Could you transcribe all the entries exactly, omitting the pictures?

- Opening Delimiter -

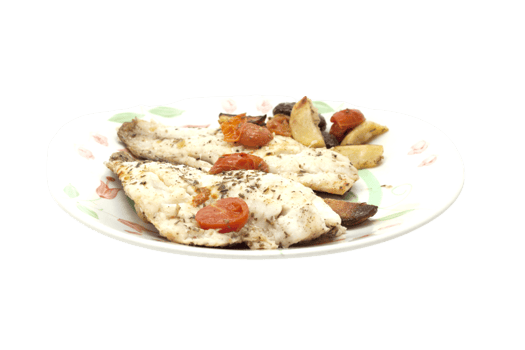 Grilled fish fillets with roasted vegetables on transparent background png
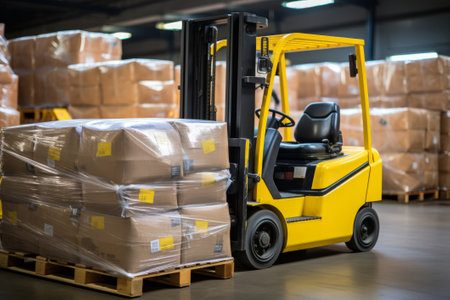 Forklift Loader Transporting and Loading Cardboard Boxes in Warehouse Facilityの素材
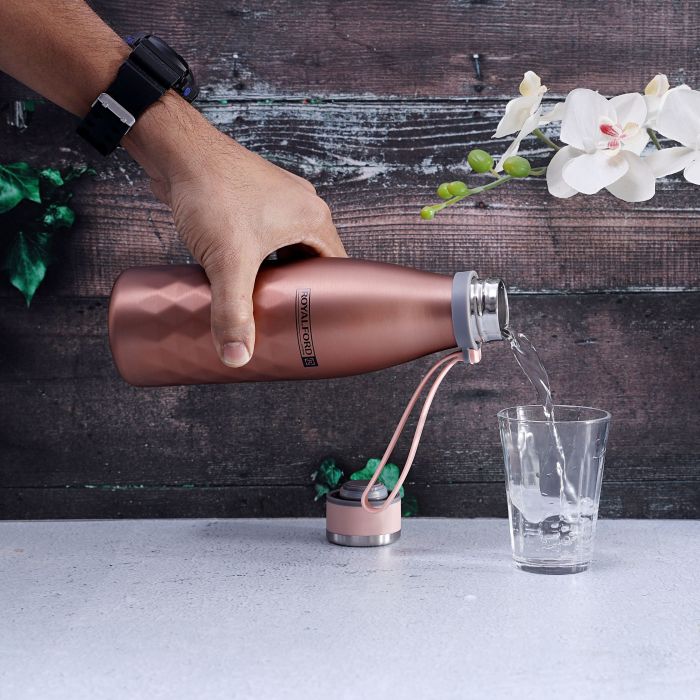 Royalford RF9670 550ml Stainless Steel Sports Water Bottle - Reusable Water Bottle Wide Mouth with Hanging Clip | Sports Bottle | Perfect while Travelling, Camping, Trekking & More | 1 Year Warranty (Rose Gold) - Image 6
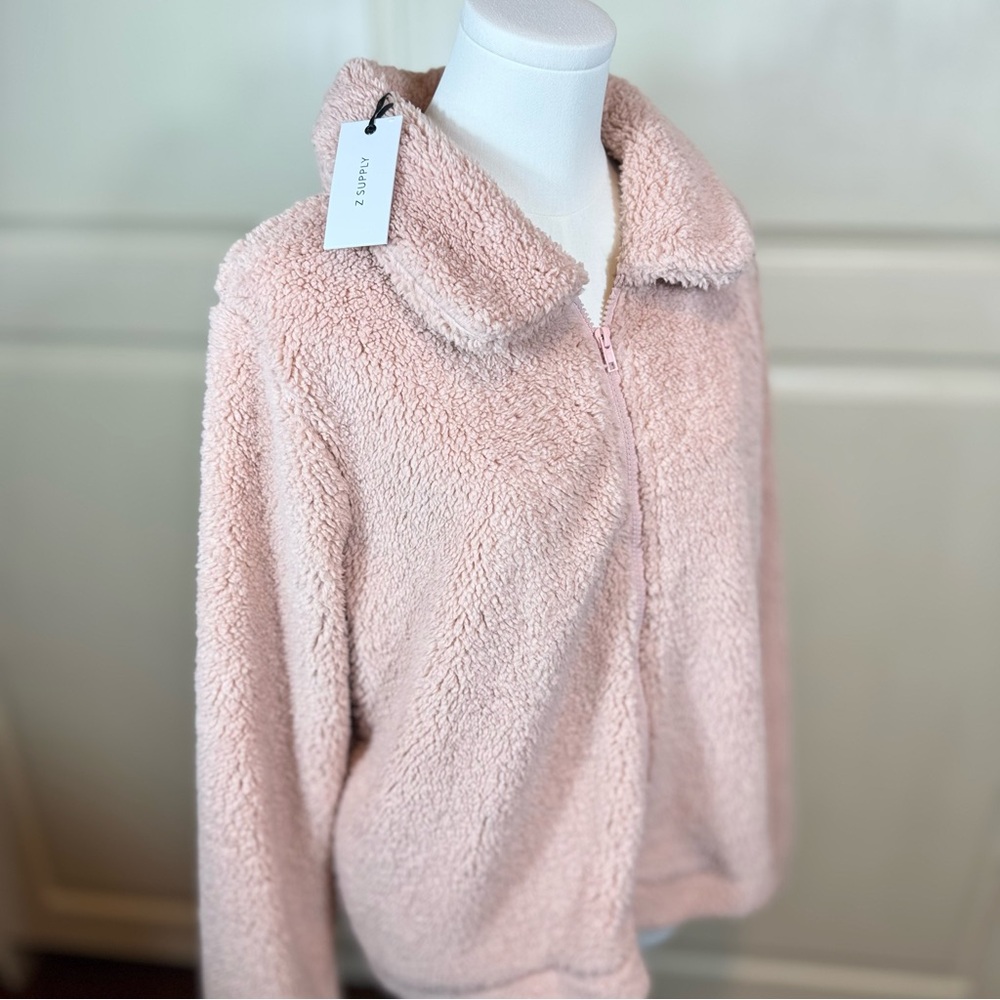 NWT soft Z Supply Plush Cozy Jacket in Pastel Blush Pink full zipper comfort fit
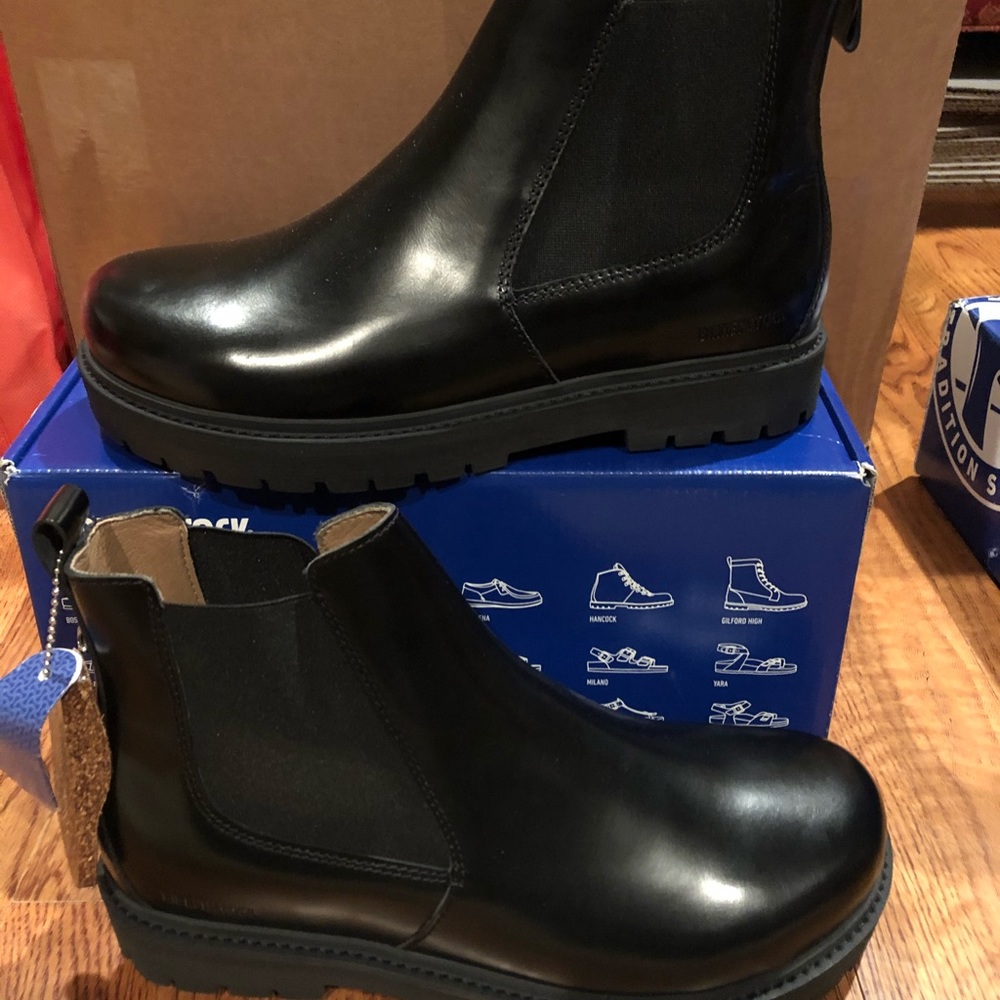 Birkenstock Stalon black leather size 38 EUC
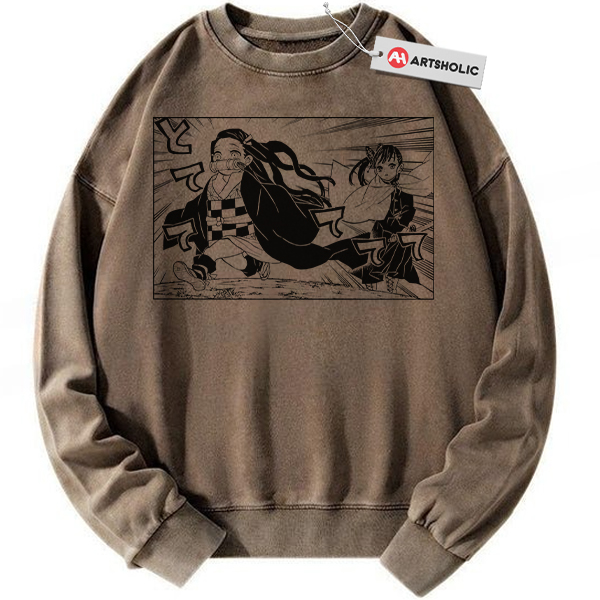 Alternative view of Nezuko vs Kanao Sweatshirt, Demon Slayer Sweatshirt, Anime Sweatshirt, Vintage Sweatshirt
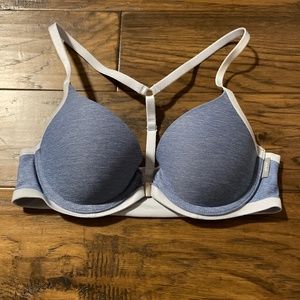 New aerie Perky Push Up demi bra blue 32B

- Closing Delimiter -

## ANSWER TO THE EXERCISE
 Grilled fish fillets with roasted vegetables on transparent background png
 Forklift Loader Transporting and Loading Cardboard Boxes in Warehouse Facilityの素材
 Royalford RF9670 550ml Stainless Steel Sports Water Bottle - Reusable Water Bottle Wide Mouth with Hanging Clip | Sports Bottle | Perfect while Travelling, Camping, Trekking & More | 1 Year Warranty (Rose Gold) - Image 6
 NWT soft Z Supply Plush Cozy Jacket in Pastel Blush Pink full zipper comfort fit
 Birkenstock Stalon black leather size 38 EUC
 Alternative view of Nezuko vs Kanao Sweatshirt, Demon Slayer Sweatshirt, Anime Sweatshirt, Vintage Sweatshirt
 New aerie Perky Push Up demi bra blue 32B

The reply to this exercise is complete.